| What is required |
Count, please, the lines in the listing below that contain "definition", and reply with the count only.

:: Data extracts ::

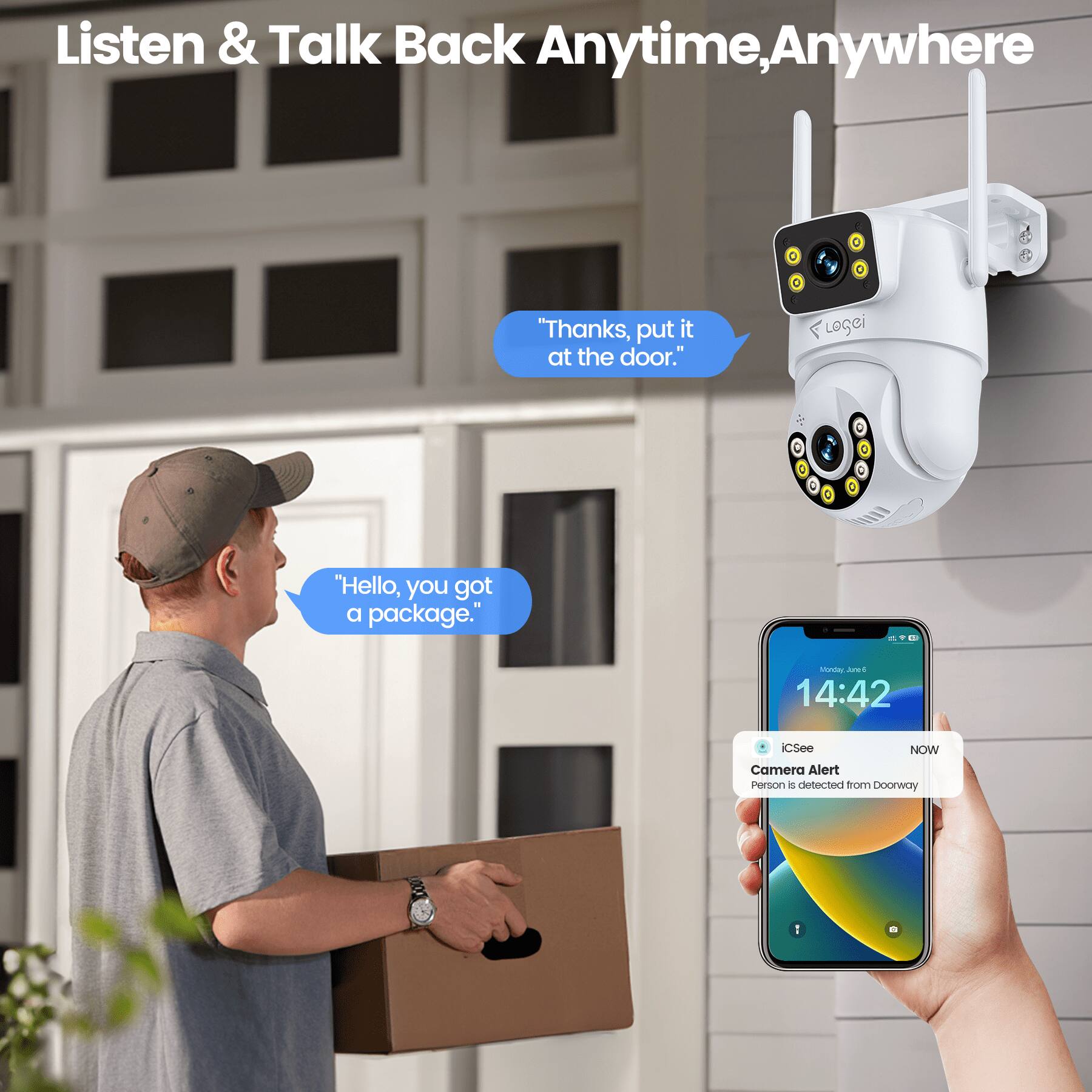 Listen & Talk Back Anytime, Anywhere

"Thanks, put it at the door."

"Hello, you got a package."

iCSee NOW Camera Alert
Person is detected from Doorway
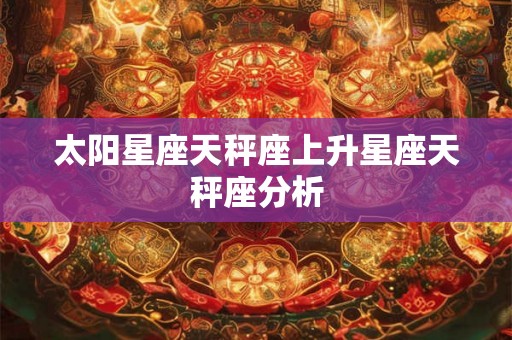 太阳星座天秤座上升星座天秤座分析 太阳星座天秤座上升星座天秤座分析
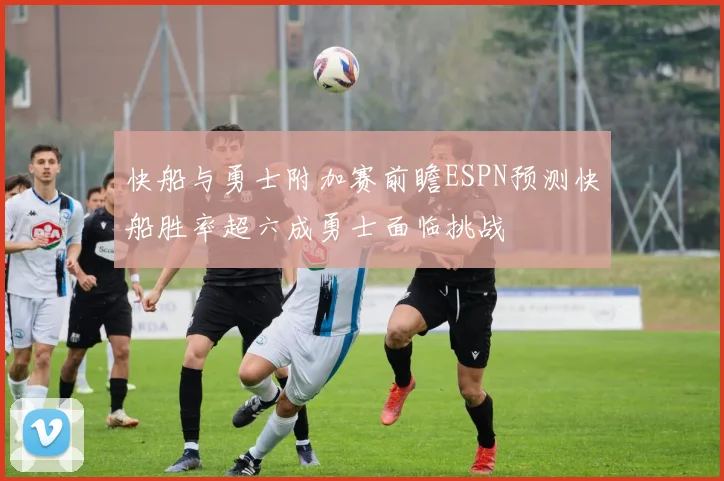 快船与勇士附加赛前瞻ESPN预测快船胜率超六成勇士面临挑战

:::
:: Data extracts ::

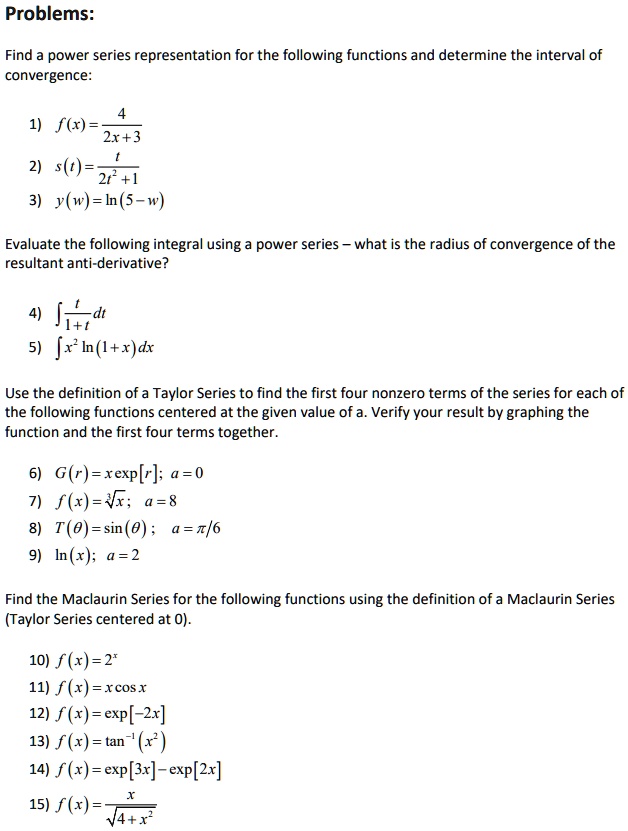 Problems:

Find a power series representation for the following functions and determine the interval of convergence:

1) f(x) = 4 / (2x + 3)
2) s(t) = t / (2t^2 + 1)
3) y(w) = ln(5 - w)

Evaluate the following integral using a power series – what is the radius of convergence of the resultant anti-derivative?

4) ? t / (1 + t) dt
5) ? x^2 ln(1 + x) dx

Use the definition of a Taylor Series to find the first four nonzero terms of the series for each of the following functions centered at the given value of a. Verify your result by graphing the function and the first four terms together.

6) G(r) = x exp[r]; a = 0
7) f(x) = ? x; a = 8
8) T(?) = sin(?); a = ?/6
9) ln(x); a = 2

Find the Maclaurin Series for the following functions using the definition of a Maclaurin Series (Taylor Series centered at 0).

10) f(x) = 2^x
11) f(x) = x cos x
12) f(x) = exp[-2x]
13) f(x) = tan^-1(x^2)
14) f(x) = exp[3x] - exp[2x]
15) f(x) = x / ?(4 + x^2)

:::
:: Data extracts ::

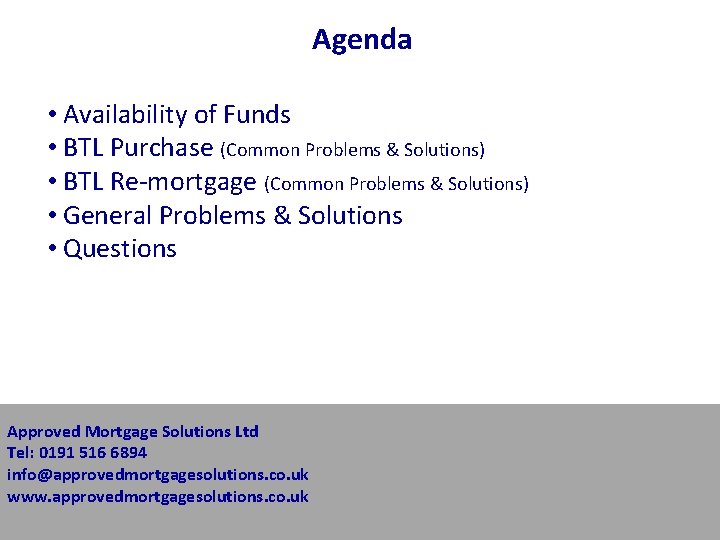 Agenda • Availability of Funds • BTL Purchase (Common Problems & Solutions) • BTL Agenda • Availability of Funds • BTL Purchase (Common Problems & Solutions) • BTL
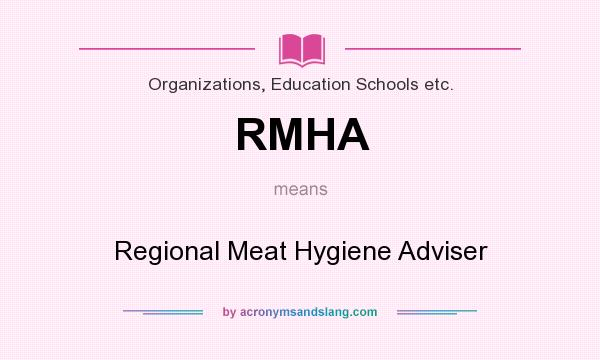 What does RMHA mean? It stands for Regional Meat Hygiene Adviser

:::

| Response to the exercise |
2